• _Task_: Should a picture appear anywhere in the data, omit it and copy everything else exactly.

• _Provided data_:
+ + +

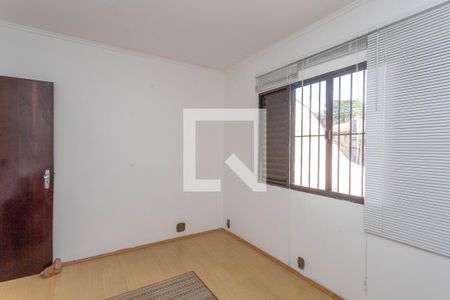 Casa à venda com 300m², 4 quartos e 2 vagas Casa à venda com 300m², 4 quartos e 2 vagasQuarto 4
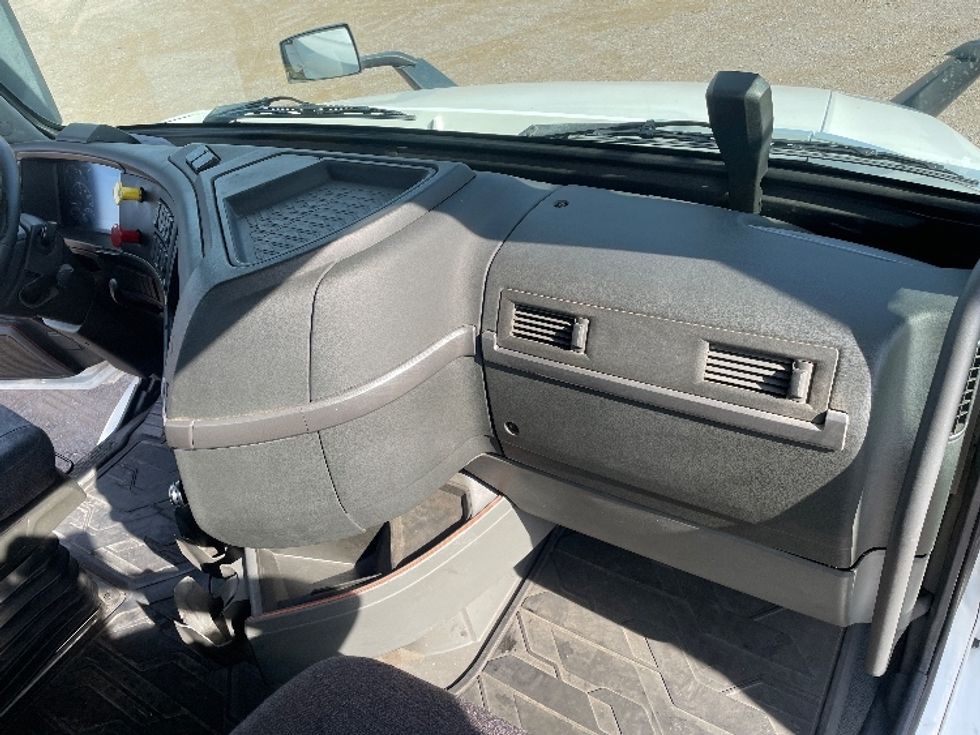 Day Cab Tractor-Heavy Duty Tractors-Volvo-2020-VNR64300-Phoenix-AZ-457,239\n\t\tmiles-$ 42,750 - Image 11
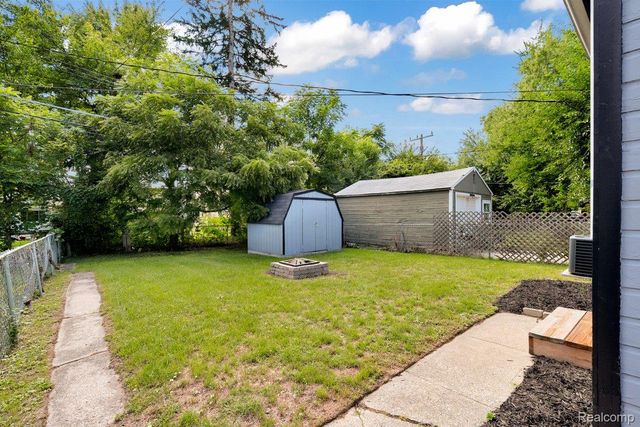 15611 Leona Drive, Redford Charter Township, MI 48239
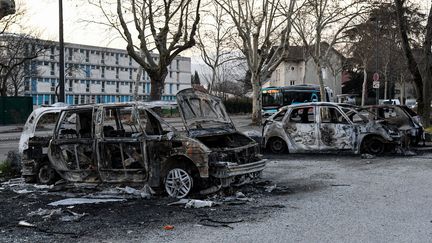 Des voitures ont été brûlées lors d'émeutes dans le quartier Mistral à Grenoble (Isère), le 5 mars 2019. (JEAN-PIERRE CLATOT / AFP)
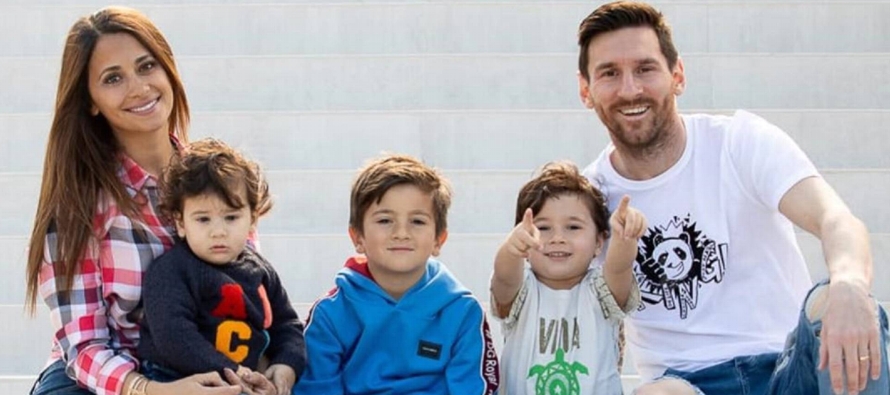 Messi acostumbra a invertir su patrimonio en el negocio inmobiliario, tanto en España como...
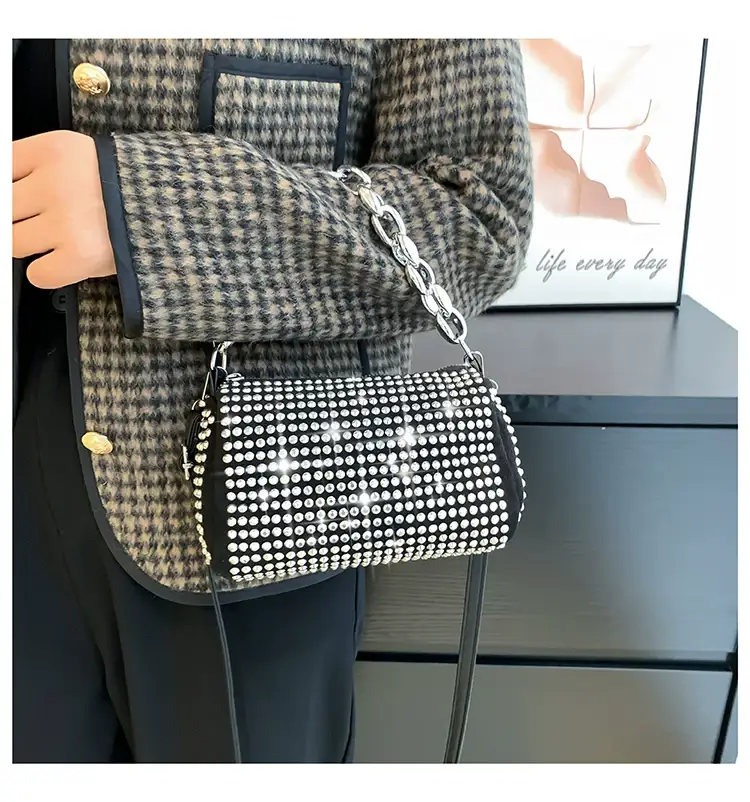 Korean Style Chain Rhinestone Crossbody Bag — feature 10
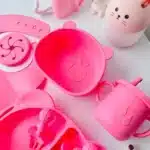 Conjunto de utensílios de cozinha rosa para crianças.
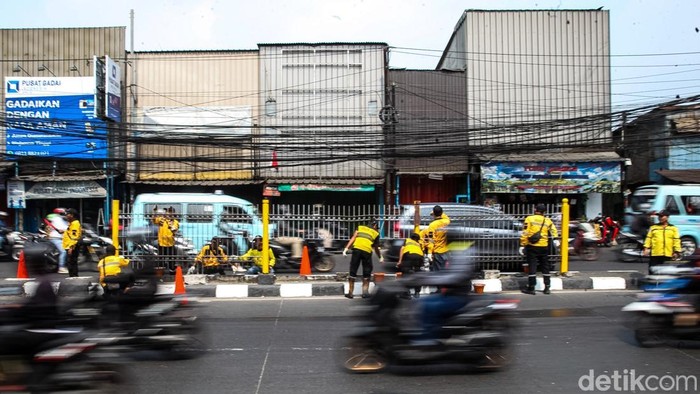 Sejumlah pekerja Dinas Bina Marga melakukan pengecatan ulang pagar pembatas jalan di Jalan Raya Bogor, Kramat Jati, Jakarta Timur, Rabu (2/9/2026). Pekerjaan tersebut dilakukan sebagai bagian dari penataan kawasan sekitar Lokasi Binaan (Lokbin) Pasar Kramat Jati.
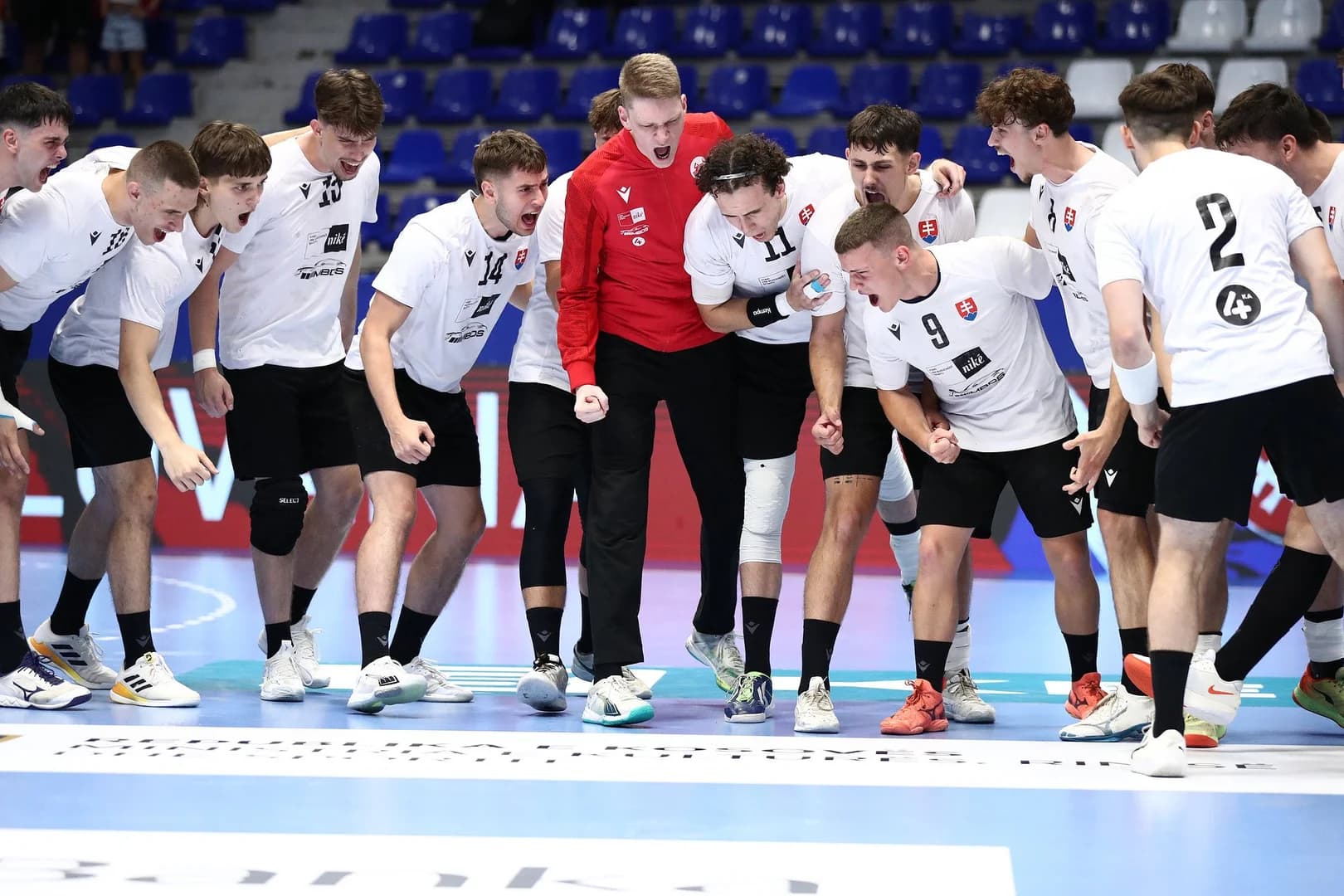 REPRE JUNIORI: SKVELÝ ÚVOD! SLOVÁCI DEKLASOVALI VEĽKÚ BRITÁNIU
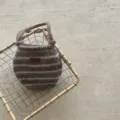 Vue détaillée d'un sac à main tricoté rayé confortable aux couleurs contrastées et étiquette. - Rayures Bicolores / Avoine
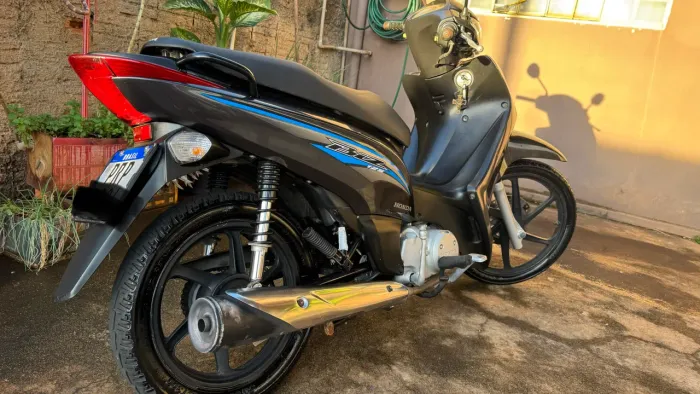 Honda Biz 125 Flex 2017 - Econômica e Muito Conservada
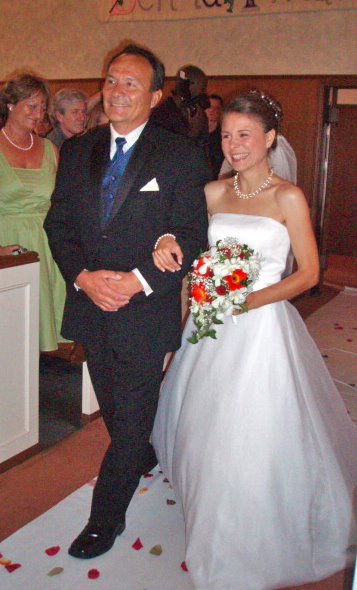 [bride+and+father.jpg]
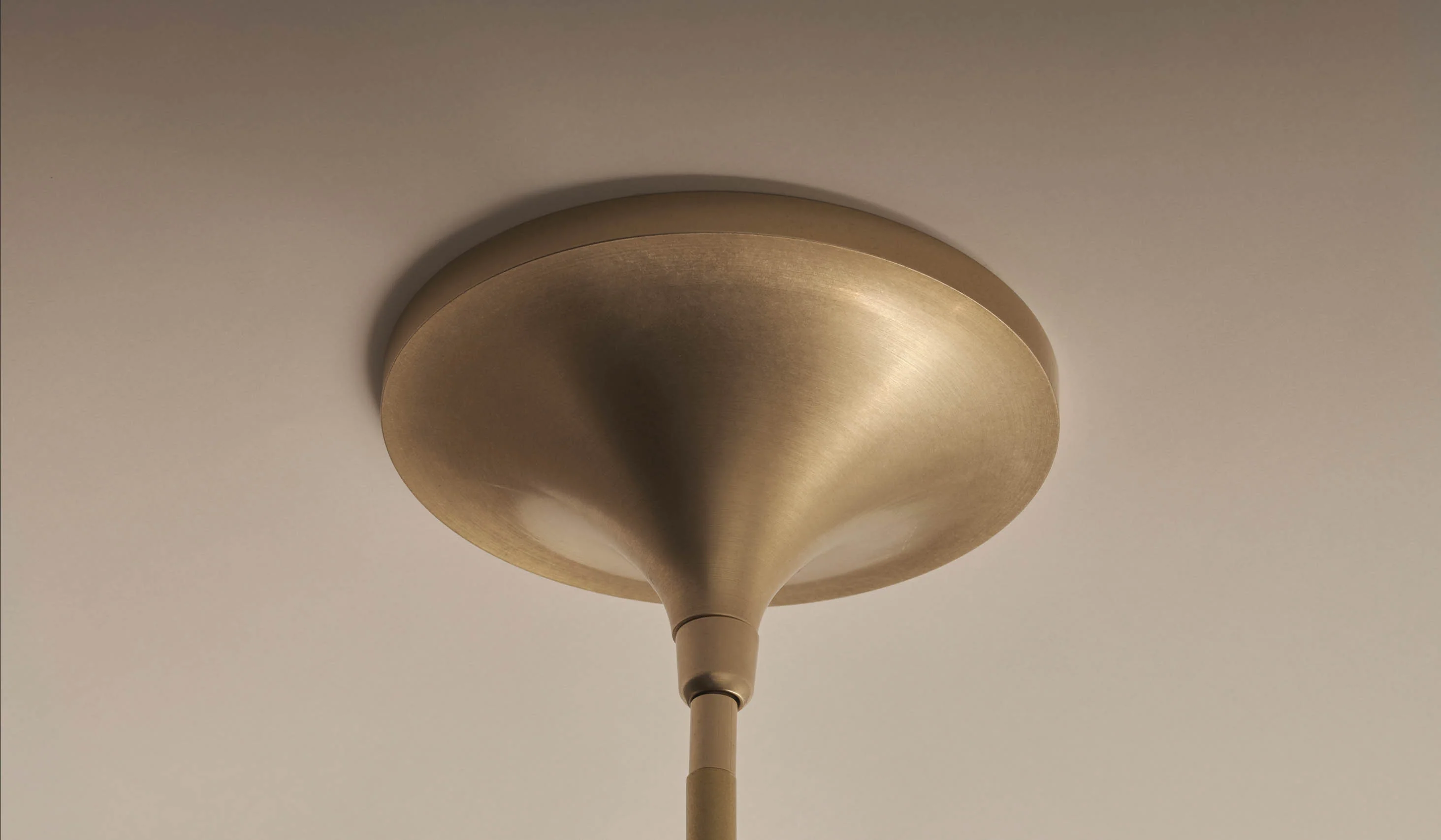 Roll & Hill The Met Pendant - Image 14
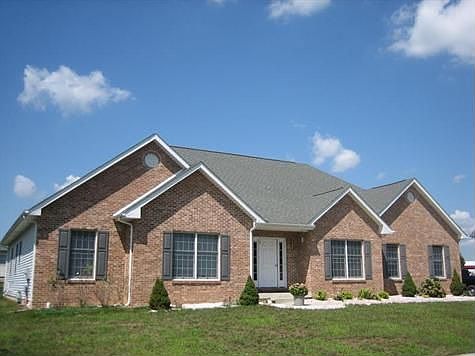 1st image of 210 Corinthian Dr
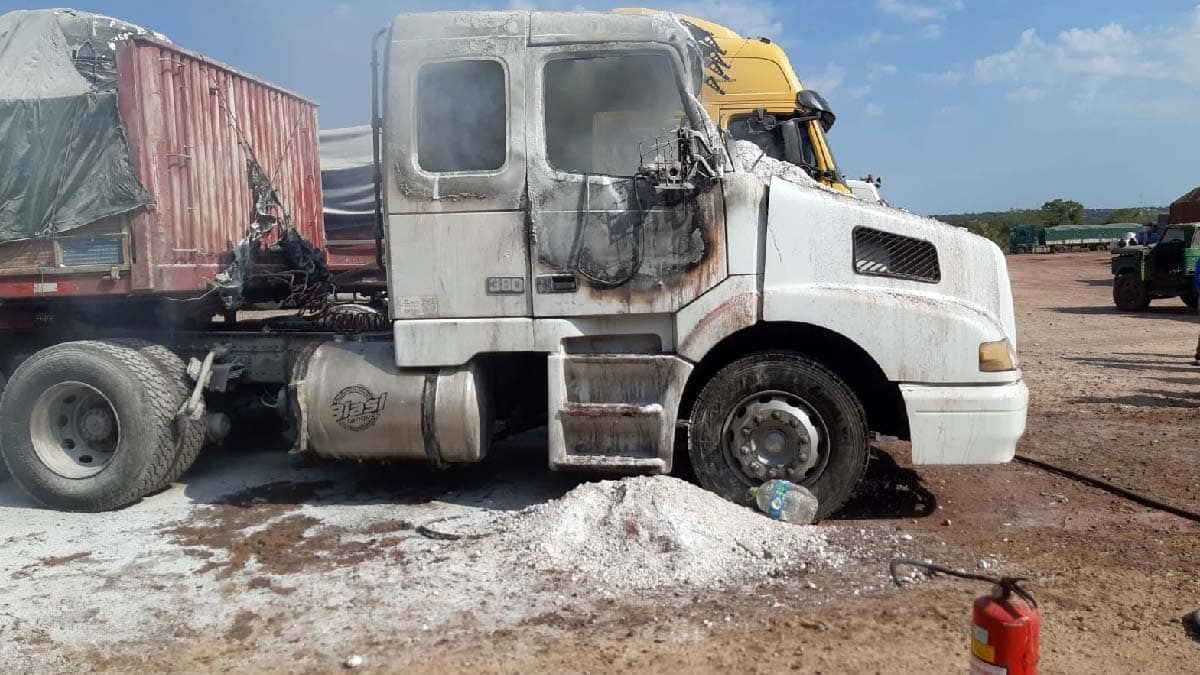 Bombeiros combatem incêndio em cabine de carreta na Agesa | vídeo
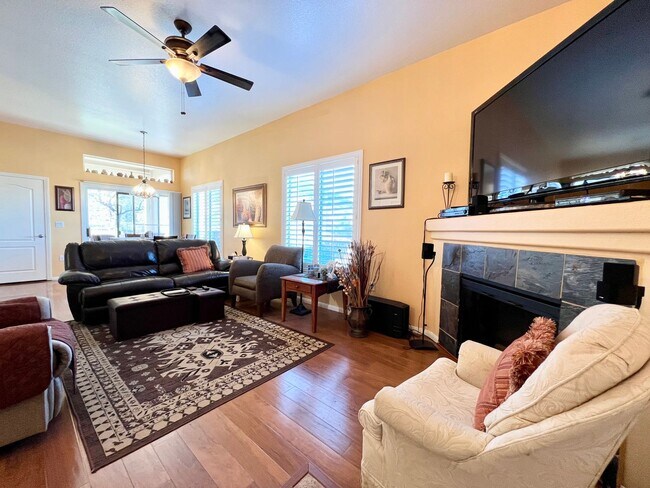 Building Photo - SHORT TERM LEASE! 2BD/2BA FURNISHED CONDO!...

+ + +

• _Completed task_:
 Casa à venda com 300m², 4 quartos e 2 vagas Casa à venda com 300m², 4 quartos e 2 vagasQuarto 4
 Day Cab Tractor-Heavy Duty Tractors-Volvo-2020-VNR64300-Phoenix-AZ-457,239\n\t\tmiles-$ 42,750 - Image 11
 15611 Leona Drive, Redford Charter Township, MI 48239
 Des voitures ont été brûlées lors d'émeutes dans le quartier Mistral à Grenoble (Isère), le 5 mars 2019. (JEAN-PIERRE CLATOT / AFP)
 Messi acostumbra a invertir su patrimonio en el negocio inmobiliario, tanto en España como...
 Korean Style Chain Rhinestone Crossbody Bag — feature 10
 Conjunto de utensílios de cozinha rosa para crianças.
 Sejumlah pekerja Dinas Bina Marga melakukan pengecatan ulang pagar pembatas jalan di Jalan Raya Bogor, Kramat Jati, Jakarta Timur, Rabu (2/9/2026). Pekerjaan tersebut dilakukan sebagai bagian dari penataan kawasan sekitar Lokasi Binaan (Lokbin) Pasar Kramat Jati.
 REPRE JUNIORI: SKVELÝ ÚVOD! SLOVÁCI DEKLASOVALI VEĽKÚ BRITÁNIU
 Vue détaillée d'un sac à main tricoté rayé confortable aux couleurs contrastées et étiquette. - Rayures Bicolores / Avoine
 Honda Biz 125 Flex 2017 - Econômica e Muito Conservada
 [bride+and+father.jpg]
 Roll & Hill The Met Pendant - Image 14
 1st image of 210 Corinthian Dr
 Bombeiros combatem incêndio em cabine de carreta na Agesa | vídeo
 Building Photo - SHORT TERM LEASE! 2BD/2BA FURNISHED CONDO!...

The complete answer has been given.